## EXERCISE DESCRIPTION
Print every record word for word.

[Records contained in a dataset]
###
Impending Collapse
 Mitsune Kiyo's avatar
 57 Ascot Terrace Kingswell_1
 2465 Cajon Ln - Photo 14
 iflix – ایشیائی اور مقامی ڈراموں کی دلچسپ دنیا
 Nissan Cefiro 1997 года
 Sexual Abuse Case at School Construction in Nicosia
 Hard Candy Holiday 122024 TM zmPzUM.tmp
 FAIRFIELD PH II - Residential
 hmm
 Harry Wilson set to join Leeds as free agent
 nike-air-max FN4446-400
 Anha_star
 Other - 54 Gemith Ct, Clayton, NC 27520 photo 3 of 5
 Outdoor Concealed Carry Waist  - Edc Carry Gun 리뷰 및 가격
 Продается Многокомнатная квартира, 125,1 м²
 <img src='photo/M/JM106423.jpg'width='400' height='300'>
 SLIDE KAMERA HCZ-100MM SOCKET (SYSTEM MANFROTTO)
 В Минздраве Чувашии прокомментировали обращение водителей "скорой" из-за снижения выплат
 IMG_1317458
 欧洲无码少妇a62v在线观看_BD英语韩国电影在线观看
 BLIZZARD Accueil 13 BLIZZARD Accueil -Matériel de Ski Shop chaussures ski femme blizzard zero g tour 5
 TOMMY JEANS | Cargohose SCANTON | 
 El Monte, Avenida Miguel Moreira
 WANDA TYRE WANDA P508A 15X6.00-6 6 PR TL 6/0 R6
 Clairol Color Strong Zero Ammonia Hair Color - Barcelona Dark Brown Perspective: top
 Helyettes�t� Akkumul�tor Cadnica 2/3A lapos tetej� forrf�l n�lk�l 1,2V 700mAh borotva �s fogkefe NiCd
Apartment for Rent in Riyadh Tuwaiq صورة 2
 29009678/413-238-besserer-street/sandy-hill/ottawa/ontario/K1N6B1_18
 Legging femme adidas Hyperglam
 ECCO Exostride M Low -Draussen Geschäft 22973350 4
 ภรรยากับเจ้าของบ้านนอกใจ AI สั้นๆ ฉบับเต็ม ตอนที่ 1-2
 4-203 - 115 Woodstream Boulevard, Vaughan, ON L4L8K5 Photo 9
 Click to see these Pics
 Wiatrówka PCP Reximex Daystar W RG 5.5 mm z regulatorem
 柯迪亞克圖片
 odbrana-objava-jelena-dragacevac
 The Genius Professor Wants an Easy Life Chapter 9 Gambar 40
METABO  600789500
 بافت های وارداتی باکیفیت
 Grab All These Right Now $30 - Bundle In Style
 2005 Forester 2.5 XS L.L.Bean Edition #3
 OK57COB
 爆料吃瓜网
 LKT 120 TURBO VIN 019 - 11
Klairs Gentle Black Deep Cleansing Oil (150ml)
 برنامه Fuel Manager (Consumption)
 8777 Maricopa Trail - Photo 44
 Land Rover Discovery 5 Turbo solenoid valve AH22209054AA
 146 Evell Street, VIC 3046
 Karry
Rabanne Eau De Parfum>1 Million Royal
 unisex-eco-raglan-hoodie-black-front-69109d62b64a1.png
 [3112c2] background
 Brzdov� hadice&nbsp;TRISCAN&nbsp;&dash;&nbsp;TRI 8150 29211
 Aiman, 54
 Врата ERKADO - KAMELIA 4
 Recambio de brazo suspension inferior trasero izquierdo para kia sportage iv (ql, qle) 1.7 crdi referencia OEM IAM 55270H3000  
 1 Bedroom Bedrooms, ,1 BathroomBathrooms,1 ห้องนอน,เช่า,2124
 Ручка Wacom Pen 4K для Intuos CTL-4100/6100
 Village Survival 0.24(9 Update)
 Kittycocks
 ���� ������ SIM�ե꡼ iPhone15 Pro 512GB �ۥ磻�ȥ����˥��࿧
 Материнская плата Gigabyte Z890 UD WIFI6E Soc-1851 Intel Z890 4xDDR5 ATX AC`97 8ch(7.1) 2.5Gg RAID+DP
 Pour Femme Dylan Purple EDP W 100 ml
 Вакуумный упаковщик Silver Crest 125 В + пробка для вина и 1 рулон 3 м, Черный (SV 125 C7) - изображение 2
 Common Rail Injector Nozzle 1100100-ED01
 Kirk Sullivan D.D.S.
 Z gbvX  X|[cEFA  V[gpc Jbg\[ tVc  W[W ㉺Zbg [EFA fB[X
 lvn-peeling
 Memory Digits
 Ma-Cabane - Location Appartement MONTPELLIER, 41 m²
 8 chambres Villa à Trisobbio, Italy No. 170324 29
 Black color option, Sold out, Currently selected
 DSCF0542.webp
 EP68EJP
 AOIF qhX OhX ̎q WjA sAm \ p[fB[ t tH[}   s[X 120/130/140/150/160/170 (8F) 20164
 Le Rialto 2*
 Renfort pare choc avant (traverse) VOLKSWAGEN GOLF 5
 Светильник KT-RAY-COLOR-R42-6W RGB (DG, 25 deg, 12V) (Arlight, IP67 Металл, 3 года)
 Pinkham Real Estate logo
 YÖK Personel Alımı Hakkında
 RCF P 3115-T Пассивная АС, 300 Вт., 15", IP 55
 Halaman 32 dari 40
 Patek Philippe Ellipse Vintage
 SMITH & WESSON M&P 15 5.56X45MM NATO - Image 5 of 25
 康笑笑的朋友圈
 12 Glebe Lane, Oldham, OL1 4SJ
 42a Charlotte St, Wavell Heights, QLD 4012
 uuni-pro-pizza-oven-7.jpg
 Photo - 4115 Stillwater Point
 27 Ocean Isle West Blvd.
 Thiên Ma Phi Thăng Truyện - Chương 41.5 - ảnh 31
###
## OUTPUT FOR THIS EXERCISE
Impending Collapse
 Mitsune Kiyo's avatar
 57 Ascot Terrace Kingswell_1
 2465 Cajon Ln - Photo 14
 iflix – ایشیائی اور مقامی ڈراموں کی دلچسپ دنیا
 Nissan Cefiro 1997 года
 Sexual Abuse Case at School Construction in Nicosia
 Hard Candy Holiday 122024 TM zmPzUM.tmp
 FAIRFIELD PH II - Residential
 hmm
 Harry Wilson set to join Leeds as free agent
 nike-air-max FN4446-400
 Anha_star
 Other - 54 Gemith Ct, Clayton, NC 27520 photo 3 of 5
 Outdoor Concealed Carry Waist  - Edc Carry Gun 리뷰 및 가격
 Продается Многокомнатная квартира, 125,1 м²
 <img src='photo/M/JM106423.jpg'width='400' height='300'>
 SLIDE KAMERA HCZ-100MM SOCKET (SYSTEM MANFROTTO)
 В Минздраве Чувашии прокомментировали обращение водителей "скорой" из-за снижения выплат
 IMG_1317458
 欧洲无码少妇a62v在线观看_BD英语韩国电影在线观看
 BLIZZARD Accueil 13 BLIZZARD Accueil -Matériel de Ski Shop chaussures ski femme blizzard zero g tour 5
 TOMMY JEANS | Cargohose SCANTON | 
 El Monte, Avenida Miguel Moreira
 WANDA TYRE WANDA P508A 15X6.00-6 6 PR TL 6/0 R6
 Clairol Color Strong Zero Ammonia Hair Color - Barcelona Dark Brown Perspective: top
 Helyettes�t� Akkumul�tor Cadnica 2/3A lapos tetej� forrf�l n�lk�l 1,2V 700mAh borotva �s fogkefe NiCd
Apartment for Rent in Riyadh Tuwaiq صورة 2
 29009678/413-238-besserer-street/sandy-hill/ottawa/ontario/K1N6B1_18
 Legging femme adidas Hyperglam
 ECCO Exostride M Low -Draussen Geschäft 22973350 4
 ภรรยากับเจ้าของบ้านนอกใจ AI สั้นๆ ฉบับเต็ม ตอนที่ 1-2
 4-203 - 115 Woodstream Boulevard, Vaughan, ON L4L8K5 Photo 9
 Click to see these Pics
 Wiatrówka PCP Reximex Daystar W RG 5.5 mm z regulatorem
 柯迪亞克圖片
 odbrana-objava-jelena-dragacevac
 The Genius Professor Wants an Easy Life Chapter 9 Gambar 40
METABO  600789500
 بافت های وارداتی باکیفیت
 Grab All These Right Now $30 - Bundle In Style
 2005 Forester 2.5 XS L.L.Bean Edition #3
 OK57COB
 爆料吃瓜网
 LKT 120 TURBO VIN 019 - 11
Klairs Gentle Black Deep Cleansing Oil (150ml)
 برنامه Fuel Manager (Consumption)
 8777 Maricopa Trail - Photo 44
 Land Rover Discovery 5 Turbo solenoid valve AH22209054AA
 146 Evell Street, VIC 3046
 Karry
Rabanne Eau De Parfum>1 Million Royal
 unisex-eco-raglan-hoodie-black-front-69109d62b64a1.png
 [3112c2] background
 Brzdov� hadice&nbsp;TRISCAN&nbsp;&dash;&nbsp;TRI 8150 29211
 Aiman, 54
 Врата ERKADO - KAMELIA 4
 Recambio de brazo suspension inferior trasero izquierdo para kia sportage iv (ql, qle) 1.7 crdi referencia OEM IAM 55270H3000  
 1 Bedroom Bedrooms, ,1 BathroomBathrooms,1 ห้องนอน,เช่า,2124
 Ручка Wacom Pen 4K для Intuos CTL-4100/6100
 Village Survival 0.24(9 Update)
 Kittycocks
 ���� ������ SIM�ե꡼ iPhone15 Pro 512GB �ۥ磻�ȥ����˥��࿧
 Материнская плата Gigabyte Z890 UD WIFI6E Soc-1851 Intel Z890 4xDDR5 ATX AC`97 8ch(7.1) 2.5Gg RAID+DP
 Pour Femme Dylan Purple EDP W 100 ml
 Вакуумный упаковщик Silver Crest 125 В + пробка для вина и 1 рулон 3 м, Черный (SV 125 C7) - изображение 2
 Common Rail Injector Nozzle 1100100-ED01
 Kirk Sullivan D.D.S.
 Z gbvX  X|[cEFA  V[gpc Jbg\[ tVc  W[W ㉺Zbg [EFA fB[X
 lvn-peeling
 Memory Digits
 Ma-Cabane - Location Appartement MONTPELLIER, 41 m²
 8 chambres Villa à Trisobbio, Italy No. 170324 29
 Black color option, Sold out, Currently selected
 DSCF0542.webp
 EP68EJP
 AOIF qhX OhX ̎q WjA sAm \ p[fB[ t tH[}   s[X 120/130/140/150/160/170 (8F) 20164
 Le Rialto 2*
 Renfort pare choc avant (traverse) VOLKSWAGEN GOLF 5
 Светильник KT-RAY-COLOR-R42-6W RGB (DG, 25 deg, 12V) (Arlight, IP67 Металл, 3 года)
 Pinkham Real Estate logo
 YÖK Personel Alımı Hakkında
 RCF P 3115-T Пассивная АС, 300 Вт., 15", IP 55
 Halaman 32 dari 40
 Patek Philippe Ellipse Vintage
 SMITH & WESSON M&P 15 5.56X45MM NATO - Image 5 of 25
 康笑笑的朋友圈
 12 Glebe Lane, Oldham, OL1 4SJ
 42a Charlotte St, Wavell Heights, QLD 4012
 uuni-pro-pizza-oven-7.jpg
 Photo - 4115 Stillwater Point
 27 Ocean Isle West Blvd.
 Thiên Ma Phi Thăng Truyện - Chương 41.5 - ảnh 31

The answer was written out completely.